Marrou seppe dunque rappresentare una voce critica in momenti di «grande silenzio» [74]
, ma senza che ciò abbia comportato un ripensamento della sua interpretazione del colonialismo come processo positivo messo in atto dall’Europa, culla della civiltà, e dalla Francia, patria dei Diritti dell’uomo. Si tratta evidentemente di stereotipi, la cui forza si dimostra nel non essere intaccati dalle coeve accuse che Marrou era in grado di muovere, ad esempio, contro il ricorso alla tortura nelle carceri algerine. Una volta creato un {p. 182}modello fisso, ciò che devia dal sistema viene considerato una distorsione, invece di essere integrato come elemento che partecipa alla definizione di quello stesso modello.

5. «Debellare superbos»: il timido dissenso di Ettore Ciccotti

Rispetto agli stranieri, la posizione degli studiosi italiani che volevano esprimere un dissenso nei confronti del nuovo impero, salvaguardando però il loro ruolo all’interno della società, fu segnata necessariamente da maggiori rischi e inevitabili compromissioni. Rischi, perché l’espressione del dissenso, anche quando dissimulata, non era certo vista di buon occhio. Basti a dimostrarlo il caso di Piero Treves che, nel 1934, pubblicava un articolo su «La Cultura» contro Cesare e gli storici italiani che ne inneggiavano ciecamente l’operato, provocando la confisca della rivista e la censura del suo contributo [75]
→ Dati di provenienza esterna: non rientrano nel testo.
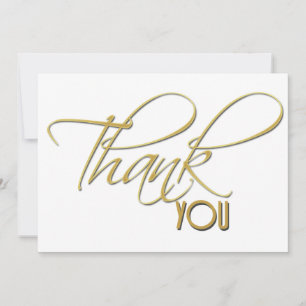 Tarjeta De Agradecimiento Gracias, simple y minimalista calilisis de oro fal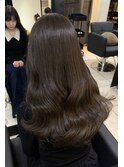 ☆ブリーチなしヘーゼルブラウンココアブラウンハッシュカット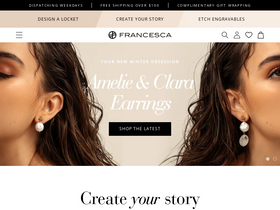 'francesca.com.au' screenshot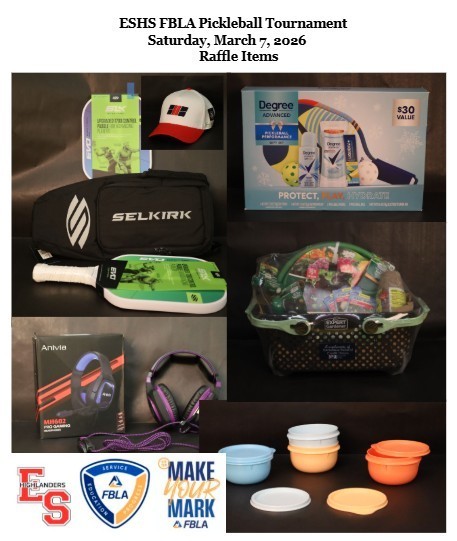 ESHS FBLA Pickleball Tournament Raffle Items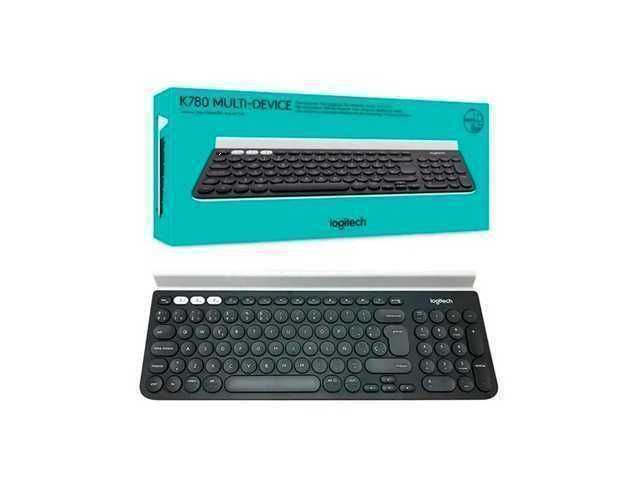 Teclado Logitech K780 Multidispositivo - Bluetooth - Negro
. Si avevano invece compromissioni nei casi in cui si dovevano assecondare le richieste dei gruppi cui si era formalmente affiliati, anche quando esse non corrispondevano alle proprie, private, convinzioni. È il caso di Manara Valgimigli, un esempio di non adesione al regime per molti fra quanti gli furono vicino in quegli anni. La sua firma al Manifesto Croce, il suo prolungato rifiuto della tessera del PNF, la sua amicizia col comunista Marchesi ne facevano uno di quei professori che definivano la particolare fisionomia politica della «non allineata» Facoltà di Lettere dell’Università di Padova. Tuttavia, in quel tornante, non poté esimersi dal dettare un’iscrizione che ricordasse il dono della fede nuziale come «oro alla patria», fatto dalle donne familiari dei docenti dell’Università [76]
.
Questi due possibili scenari – rischio e compromissione – coesistono nell’itinerario di Ettore Ciccotti. Pur essendo {p. 183}stato, come si è visto (cap. II, § 4.1), membro attivo del PSI e grande sostenitore di una politica di pace e disarmo internazionale, a partire dal 1914 iniziò progressivamente a schierarsi su posizioni più militariste e reazionarie. Prese posizione a favore dell’intervento con sempre maggiore convinzione via via che il conflitto avanzava e le sue dichiarazioni in favore della guerra gli valsero il plauso di Mussolini, che gli chiese, con successo, di contribuire al «Popolo d’Italia» [77]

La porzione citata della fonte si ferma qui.